Il nuovo piano appena presentato da Unicredit, fortemente improntato alla digitalizzazione delle attività (in linea con il progressivo passaggio a fintech del comparto in tutto il mondo), prevede la dismissione di un numero imprecisato ma sicuramente elevato di dipendenti che non hanno più un ruolo da svolgere (ad esempio per la riduzione del numero di filiali e le diverse modalità di erogazioni dei servizi in quelle attive), l’assunzione di 2.100 nuovi dipendenti con competenze digitali (a fronte dei 1.500 con competenze bancarie), nonché l’internalizzazione di una parte delle attività digitali attualmente in outsourcing.

Decarbonizzazione: criticità occupazionali e ruolo della politica

Agli esuberi “figli” della digitalizzazione di Unicredit si possono far corrispondere quelli “figli della decarbonizzazione” di Volkswagen, dovuti al progressivo passaggio all’auto elettrica reso cogente dall’UE: 30mila nella sola Germania secondo l’AD Herbert Diess, cui si aggiungeranno molti di quelli operanti nelle imprese (tante le italiane) produttrici di componenti destinati all’obsolescenza. E nello stesso momento, nel suo piano 2022-2026, essa prevede di investire 30 miliardi di euro nel software, visto come strategico per la differenziazione: con l’obiettivo, analogo a quello di Unicredit, di fare crescere dal 10 al 60% la quota prodotta “in casa”.
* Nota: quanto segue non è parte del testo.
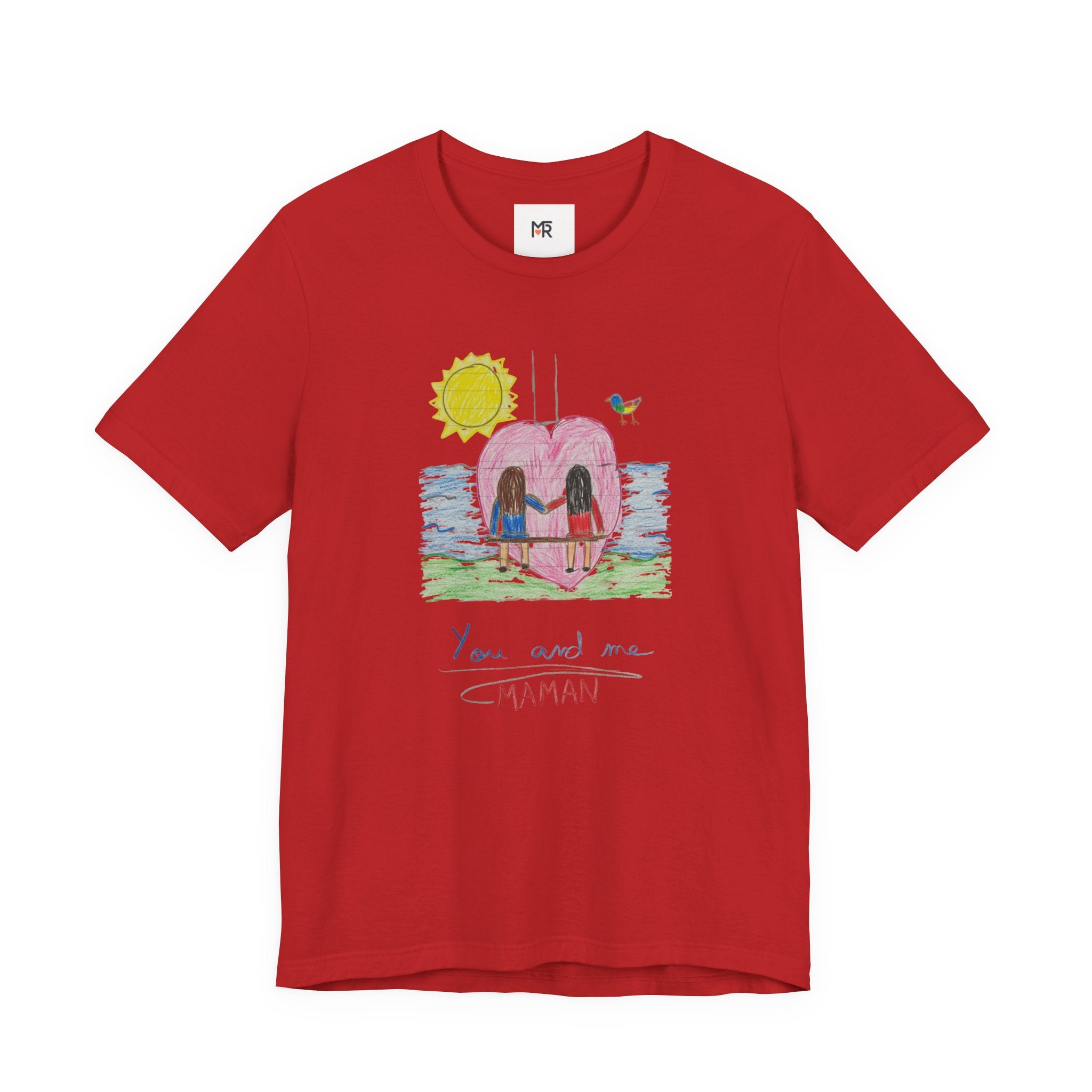 Mother’s Day Kids’ Art T-Shirt — “Pour fête des mères” Custom Children’s Creations Tee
In sintesi, non ci sono dubbi sulla risposta da dare alla domanda che retoricamente ho posto all’inizio di questo articolo: i Paesi e le imprese che meglio sanno “cavalcare” le nuove tecnologie e i nuovi business model e più velocemente sanno adattarsi al sistema di vincoli e incentivi in tema di ambiente sono quelli che hanno le maggiori prospettive di crescita.
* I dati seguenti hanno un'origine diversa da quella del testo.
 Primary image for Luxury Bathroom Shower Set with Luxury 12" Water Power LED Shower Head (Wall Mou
I Paesi però devono essere capaci di gestire le criticità occupazionali a breve e i riflessi sociali e politici che i cambiamenti comportano.
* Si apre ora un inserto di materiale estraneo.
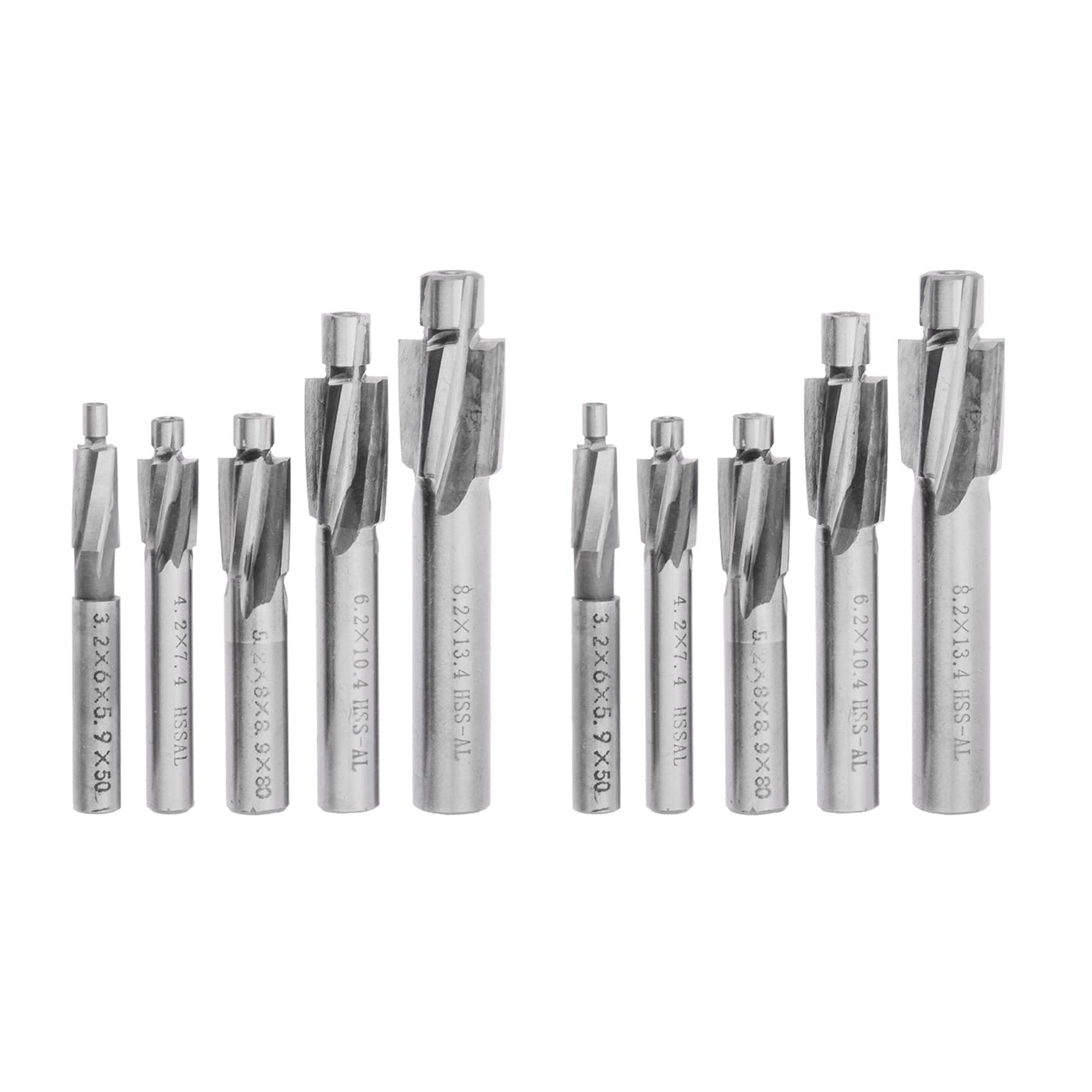 Jnchdghwa 10Pcs HSS Counterbore End Mill M3-M8 Pilot Slotting Tool Milling Cutter Countersink End Mills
La strategicità della formazione continua

Essi devono innanzitutto considerare strategica la formazione continua, vista non solo come aggiornamento ma anche come spostamento verso competenze diverse, incentivando le imprese a muoversi nella stessa direzione: con l’obiettivo di contenere il fenomeno della disoccupazione per obsolescenza, riducendo i costi che altrimenti dovrebbero essere sostenuti (prepensionamenti, reddito di cittadinanza, etc.) ed evitando il radicalizzarsi di forme di luddismo a livello sociale e politico.

Imprese, il problema delle dimensioni

Essi devono considerare strategica la nascita di nuove imprese innovative e favorire in ogni modo la loro crescita: sapendo che l’aspettativa di vita delle imprese su scala mondiale è in continuo calo e che le startup hanno spesso una maggiore facilità nel gestire le tecnologie e i business model innovativi. La dimensione poi è un problema molto serio per l’Italia, “orfana” di grandi imprese, per il fondamentale contributo di diffusione delle competenze e capacità manageriali che esse possono dare e per l’influenza che (se presenti su scala mondiale) possono avere sulle decisioni assunte negli organi multilaterali.

Il problema della contrazione della classe media

Essi dovrebbero infine cercare di evitare, anche se è un tema che richiederebbe uno sforzo comune almeno all’area occidentale, la contrazione della classe media. È un tema che è stato ampiamente dibattuto a metà dello scorso decennio nell’ambito del World Economic Forum di Davos e ripreso ad esempio recentemente in uno studio pubblicato dalla MIT Technology Review – “The work of the future: Building better jobs in an age of intelligent machines” – che riguarda il tipo di lavori più a rischio di essere delegati ad algoritmi di intelligenza artificiale o a robot: sono i lavori che richiedono un certo livello di competenza, con remunerazioni perciò da classe media, ma che hanno un grado elevato di ripetitività tale da essere trasferiti a macchine intelligenti.

Il pericolo, per la stessa sopravvivenza della democrazia, è quello della proletarizzazione della maggior parte della popolazione – per lo “scivolamento verso il basso” di una parte della classe media – e della concentrazione della ricchezza nelle mani di una percentuale ristretta della popolazione.